In the last two years, as cloud computing has expanded, it has become an article of faith for many tech gurus to propagate the notion that cloud computing is the future. Startups have particularly become enamored with the cloud computing model. They just need computers with a good broadband connection and all their work can be done on the cloud. No need to setup and run expensive datacenters of their own.
The outage has partially shutdown or knocked out popular websites such as Foursquare, Reddit and Quora. The trouble started when Amazon's Service Health Dashboard started having connectivity problems which affected its Relational Database Service. The latter is used to manage a relational database over multiple zones in the eastern U.S.
The Amazon outage has not just affected websites hosted on the cloud and startups. Even well-established companies who were increasingly reliant on Amazon's services have been affected. The problem occurred at Amazon's northern Virginia EC2 cluster. Although, all the clusters are supposed to be backed up and also have redundancy, this did not happen. This is not the first time a cloud service provider has been affected by downtime. Microsoft's Azure also faced the same issue on April 15, when it faced an outage for six hours.

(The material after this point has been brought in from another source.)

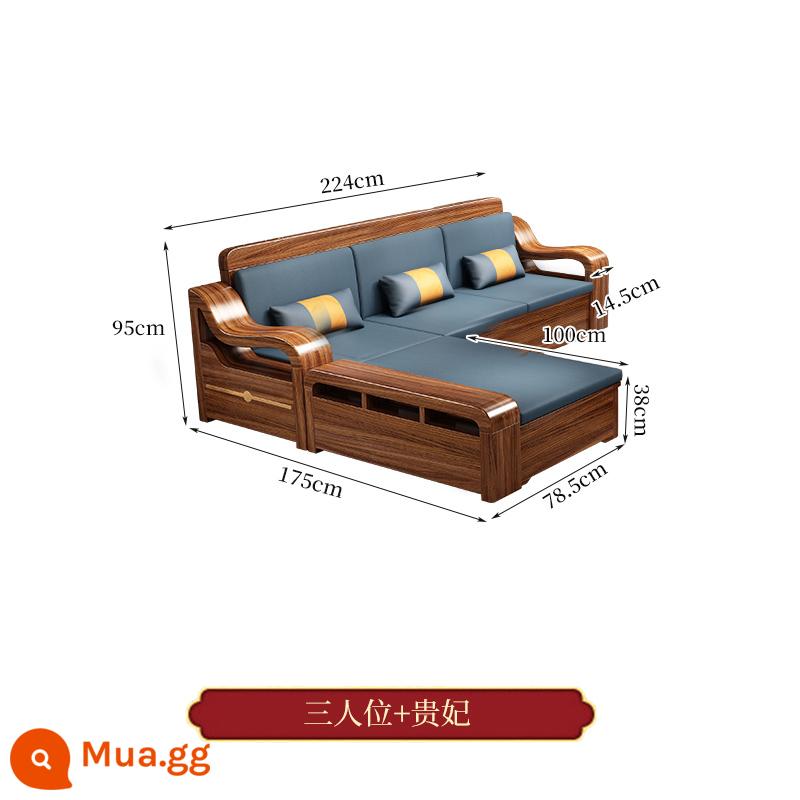 Wujinmi đầy đủ sofa bằng gỗ kết hợp hiện đại ánh sáng phòng khách sang trọng lưu trữ lưu trữ đồ nội thất mới của Trung Quốc - Ba người + phi tần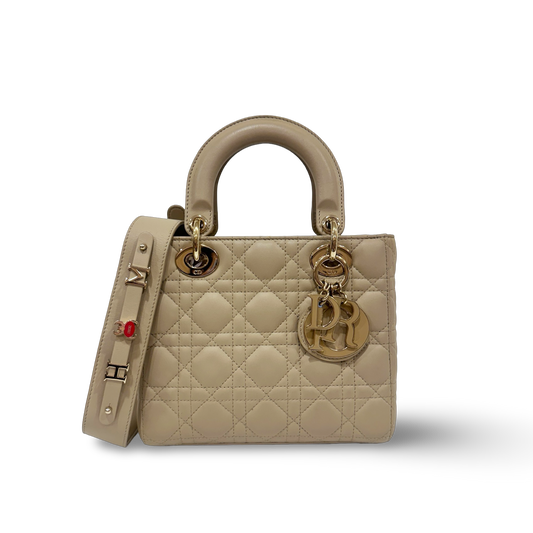 Dior Quilled Lambskin Small ABC Dior Lady Bag - GHW / Beige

Amazon's service will pretty soon be online again and no doubt all the cloud computing companies will build more redundancy in their systems. But this outage does raise some issues that cloud users have to address. The first is that the users shouldn't depend exclusively on the cloud for everything. Companies which have backups either on their properties or through different cloud providers will fare better. Clients will also have to look into their service level agreements (SLAs) more closely. A 99.9% uptime guarantee may not cover all the services that you are signing up for. Even right now, Amazon's EC2 SLA has not been breached.
The almost four-day outage has not resulted in any SLA breaches because the agreement does not cover EBS and RDS services, which are the ones being affected. This may seem like a technicality for those businesses which have been affected. But this shows that you should not take your provider for granted. If all your critical processes run on a cloud service, then either create backups with other clouds or keep some data on your local servers. But building that resilience comes at a cost, in terms of manpower and hardware resources. And this is exactly what several companies, especially startups wanted to avoid.